Şeker Fabrikalarının satışından tek sorumlu Recep Tayyip Erdoğan’dır.
Bunları konuşalım seçim meydanlarında.
Muharrem İnce inceden inceden bunları sorsun, o da karşısında Nagehan gibi olsun…
Bu gün ülkemizde neoliberal ekonomi politikası uygulanıyor. Mimarı Turgut Özal, sürdürücüsü Kemal Derviş’tir.
AKP, zaten bu iki şahsın kurduğu sistemi uyguladı.
Akılları olsa zaten kalkar her şeyi itiraf ederler. Ekonomi battıysa Turgut Özal ve Kemal Derviş’indir kabahat derler. Ali Babacan, Mehmet Şimşek bunlar üçüncü sınıf bile değiller.
Mesela Muharrem İnce neo liberal ekonomiyi reddediyor mu ben bilmiyorum. Bu ülkede ilk yapılacak eylem bence milli bir ekonomi kurmaktır. 24 Ocak kararlarını iptal etmektir. Özel sektörü reddetmeyen ama kamunun da üretime dahil olması bir milli politikadır. Bu yapılmalı.
Muharrem İnce bu dediklerimin etrafında söylemle dolaşıyor ama bu modeli tamamen reddettiğini duymadım. Bunu yapmalı, utangaç davranmamalı.
HES adı altında silah ve ilaç tüccarlarının üçüncü dünya ülkelerinde su havzalarını ele geçirme girişimlerini ve ona altyapı hazırlayan Recepgilleri bu toplum artık bilmeli.
Korkunç derecede toprak satışı yapılıyor, bu hemen önlenmeli.
Seçimlerde oy almak için dağıtılan rüşvet ağır cezalık olsun. Sen ülkeyi yönetmeye aday ol, parayla oy satın al. Bunun bir yaptırımı olmalı. Seçim sektörü oluşmuş. Alkış için devletin araçlarıyla alanlara adam taşımak ağır cezalık suç olsun. Belediye şoförü bir kişinin parası ya da kartı olmasa otobüse alıyor mu?
Almıyor.
Peki o kadar insanı nasıl parasız pulsuz taşıyor?

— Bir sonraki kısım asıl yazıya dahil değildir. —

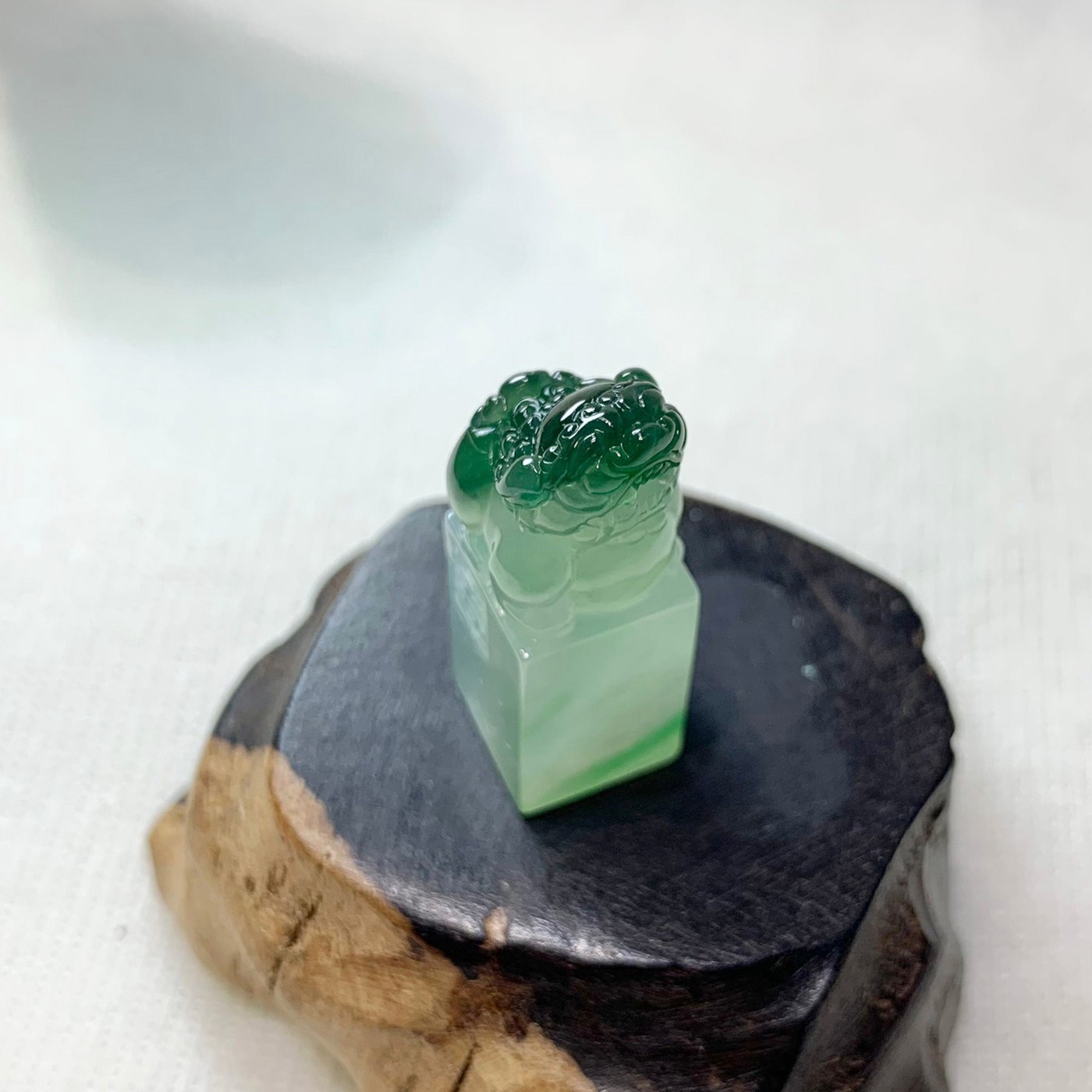 冰種花青獅印
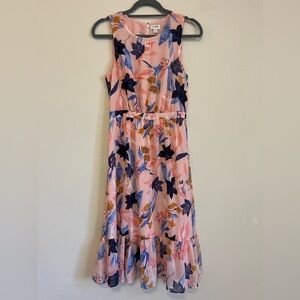 J. Crew Floral Sleeveless Midi Dress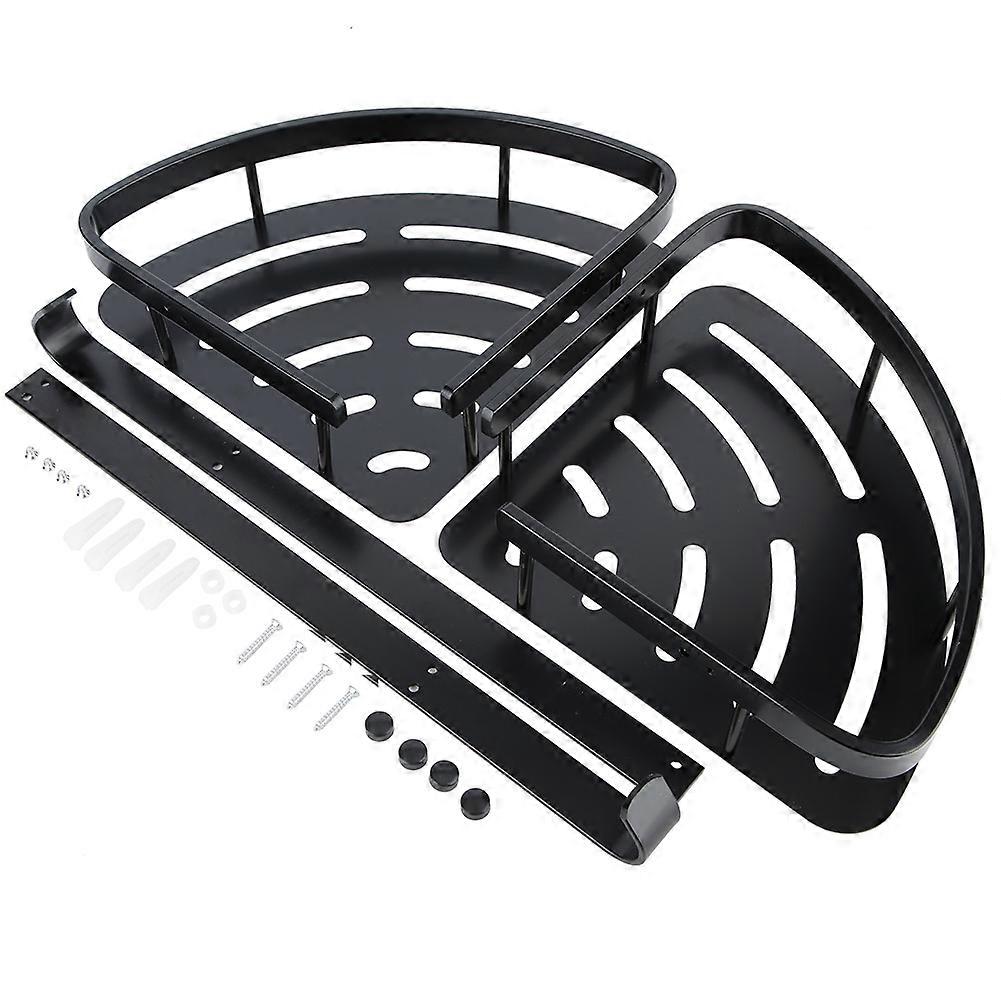 Double Layer Triangular Storage Basket Wall Hanging Corner Rack Bathroom Shelves with Hooks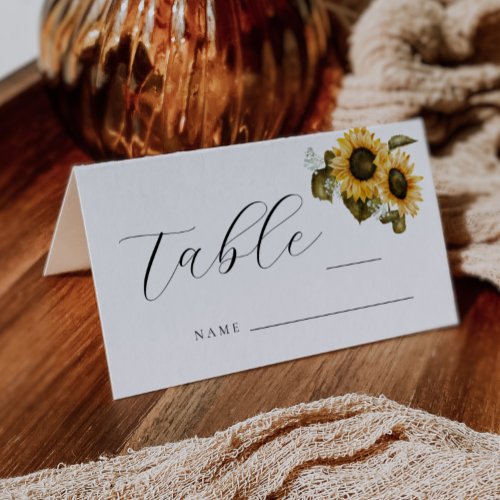 Sunflowers Wedding Table Number Place Card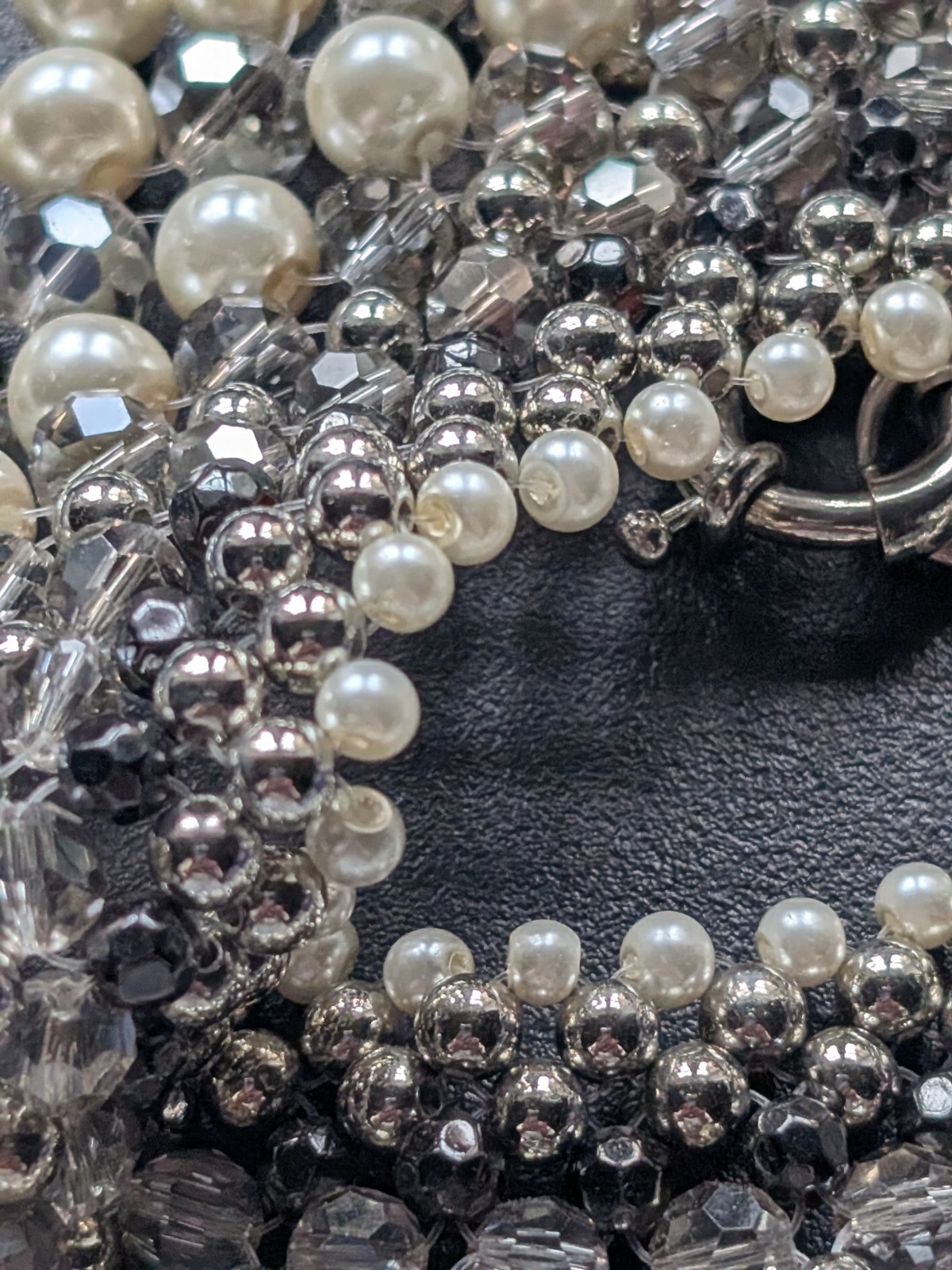 Statement Oasis Beaded Choker/Collar Necklace Silver Tone Pearl+ 18″ Long & 140g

Bu seçimde bunlar masaya yatırılmalı. Bunu Muharrem İnce çözerse çözer, yoksa başka türlü çözülmez.
Siyasi partilere hazine seçim yardımı yapıyor zaten. En çokta iktidar partisi alıyor. Yetmedi devletin memuru, devletin aracı, devletin parası seferber edilmiş adamlar seçim kazansın diye…
Bunları yapıyor ve binlerce avukat var, sanki hukukta bunun karşılığı varmış gibi kimse ne dava açıyor, ne de halkın hakkını müdafaa ediliyor. Sadece bunları yapıyor diye halka şikayet ediyorlar. Halk adına siz davalar açacaksınız ey muhalefet…
Recep Bey devletin işi için giderken devletin uçağını kullanacak, parti işine giderken kullanamayacak. Bunun bir kanunu, yasası, tanımı yok mu eyyy hukukçular?
KHK Torbalarını açın da halk görsün. Kaç torba yasası var mesela? Tek tek anlatmak zor olmamalı…
AKP bu güne kadar kaç gensoruyu reddetti, içerikleri neydi?
Kaç önergeyi reddetti, içerikleri neydi?